=== Supplied material ===
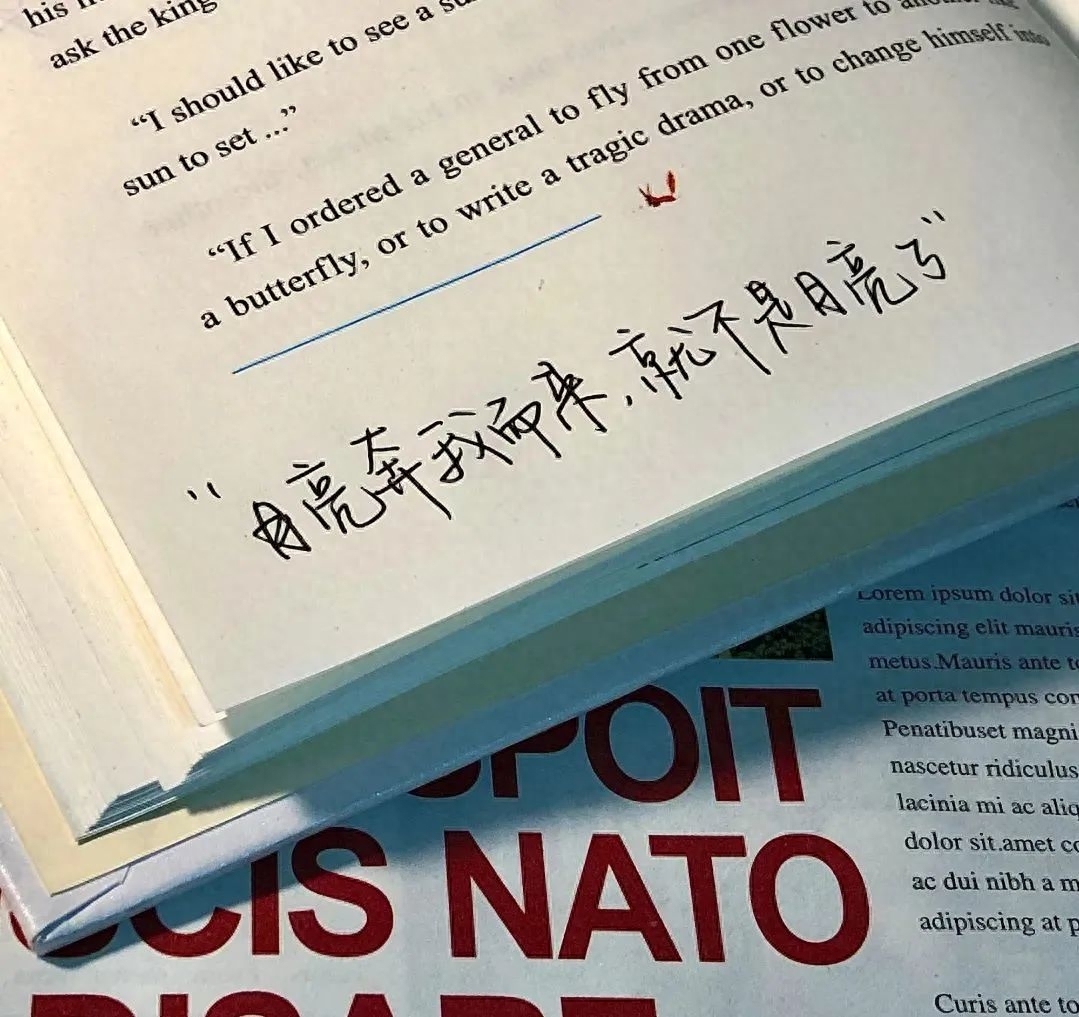 文案 | 那些充满爱意的小众个签文案(图1)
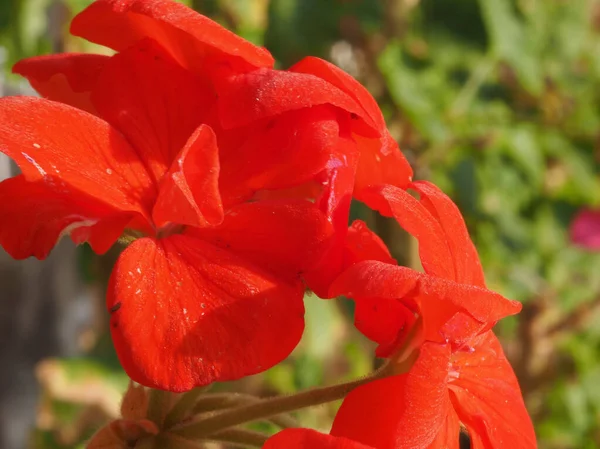 Geranio Aka Gru Pianta Classificazione Scientifica Geraniales Fiore Rosso Macro — Foto Stock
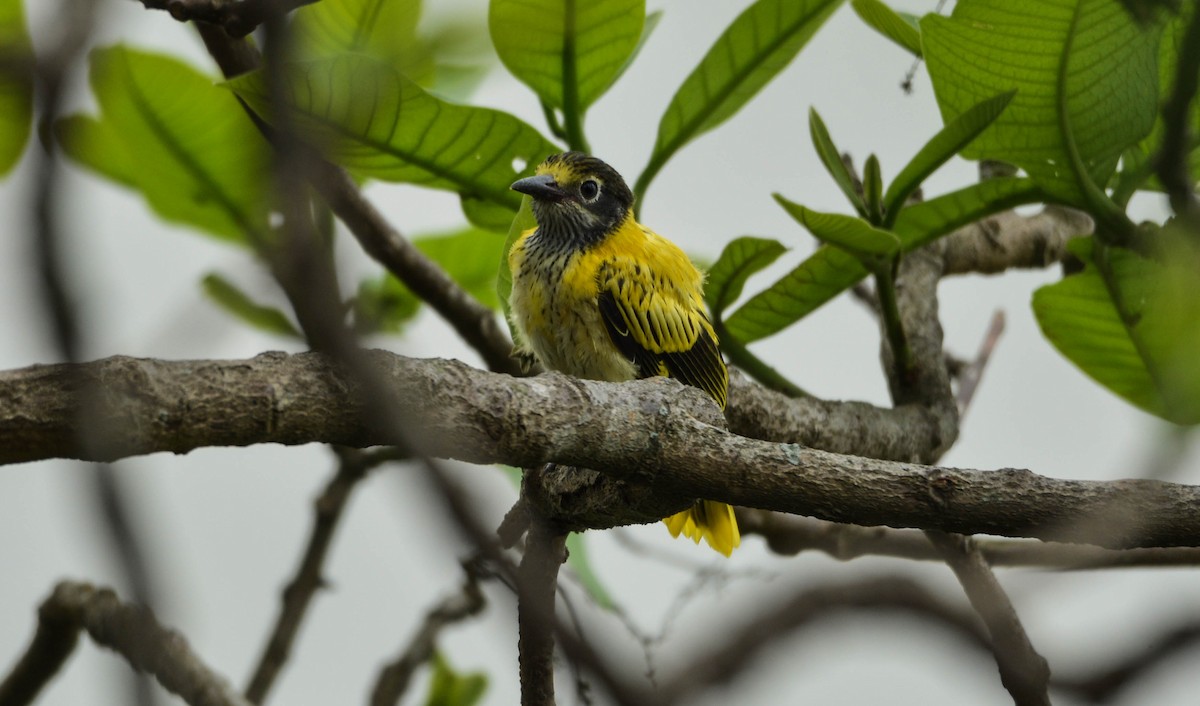 Black-hooded Oriole - ML95814981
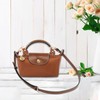 Strap compatible for Longchamp Mini Bag,Handbags Straps with Gold Hardware,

=== Exercise ===
Exclude the pictures and give back the rest of the data above exactly as written.

=== Task answer ===
 文案 | 那些充满爱意的小众个签文案(图1)
 Geranio Aka Gru Pianta Classificazione Scientifica Geraniales Fiore Rosso Macro — Foto Stock
 Black-hooded Oriole - ML95814981
 Strap compatible for Longchamp Mini Bag,Handbags Straps with Gold Hardware,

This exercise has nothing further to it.